El Segundo-based fast-casual chain Lemonade Restaurant Group will merge with Denver-based Modern Market Inc., which runs Modern Market Eatery restaurants, to form a new restaurant group with an eye toward franchising its health-focused brands.
Each of the restaurant chains, with a combined 58 locations, will retain their identities.
Beverly Hills-based private equity firm Butterfly Equity, which controls the two companies, declined to disclose the terms.
The Modern Restaurant Concepts group will be led by Modern Market Eatery founders Anthony Pigliacampo and Rob McColgan.
“Both of us are built on super-clean, responsible-sourced ingredients,” Pigliacampo said. “There are not a lot of people behind those things that have the scale.”
The company hopes increasing the group’s heft will provide greater control of a supply chain fed by smaller farms.
As part of the merger, the group is looking to jumpstart franchising and licensing agreements with the hire of Jim Sullivan, the former development officer at Carl’s Jr. and Hardee’s parent CKE Restaurant Holdings Inc. At CKE, Sullivan led the company’s domestic expansion efforts.

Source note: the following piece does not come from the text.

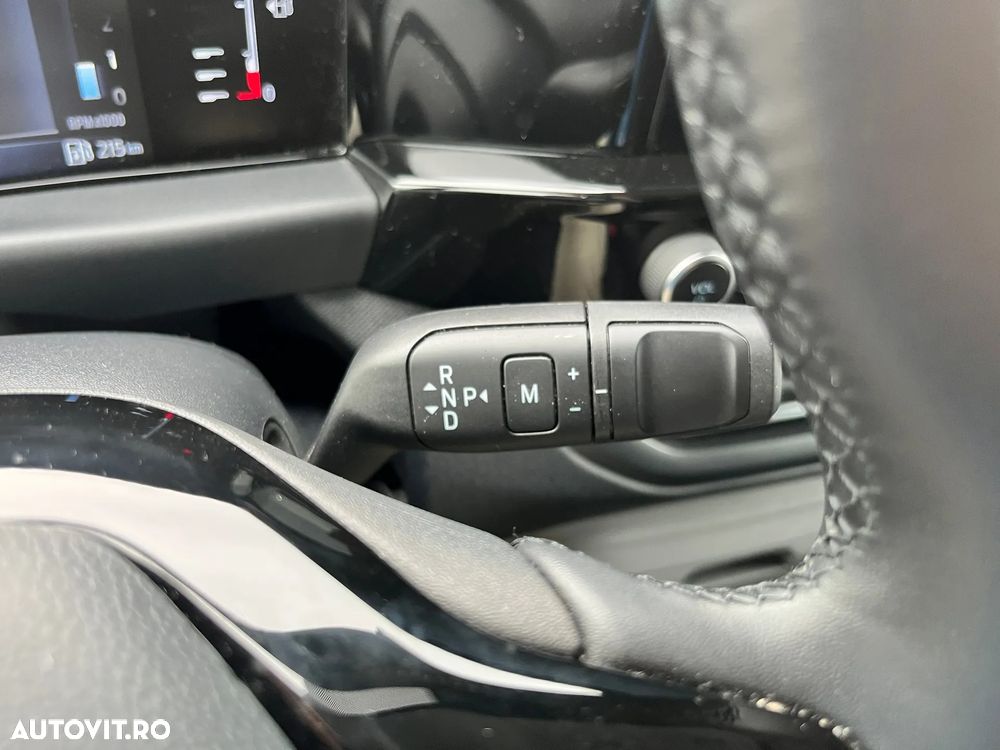 Ford Tourneo Custom - 16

Pigliacampo said the group will be looking to grow Lemonade, a seasonal, cafeteria-style restaurant focusing on an urban, casual vibe.

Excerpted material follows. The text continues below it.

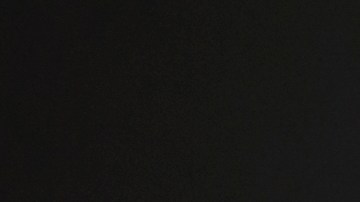 Foto de un oficial de policía solicitando identificación a un conductor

“The potential far exceeds doubling its size,” he said.
Expansion of the Modern Market Eatery – what Pigliacampo describes as Panera Bread meets Whole Foods – will be aimed at the interior of the country.

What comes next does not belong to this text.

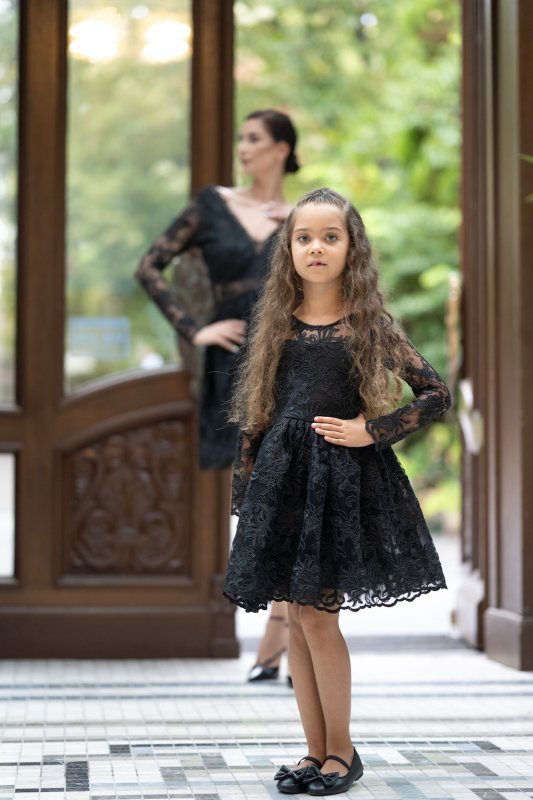 Детска рокля от черна дантела с дълъг ръкав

Lemonade Chief Executive Larry Kurzweil will continue as an adviser and operating partner at Butterfly Equity, which invests across the food supply chain from agriculture, aquaculture, food and beverage products, to distribution and retail. The firm took a stake in Lemonade in 2016 with New York-based, global investment firm KKR & Co. Inc., helping to fuel the restaurant’s expansion.
Under the deal, KKR’s stake in Lemonade will be converted and the firm will become a shareholder in Modern Restaurant Concepts alongside Butterfly.
Together the restaurant group will have about 1,500 employees. Most of Lemonade’s administrative team will remain local.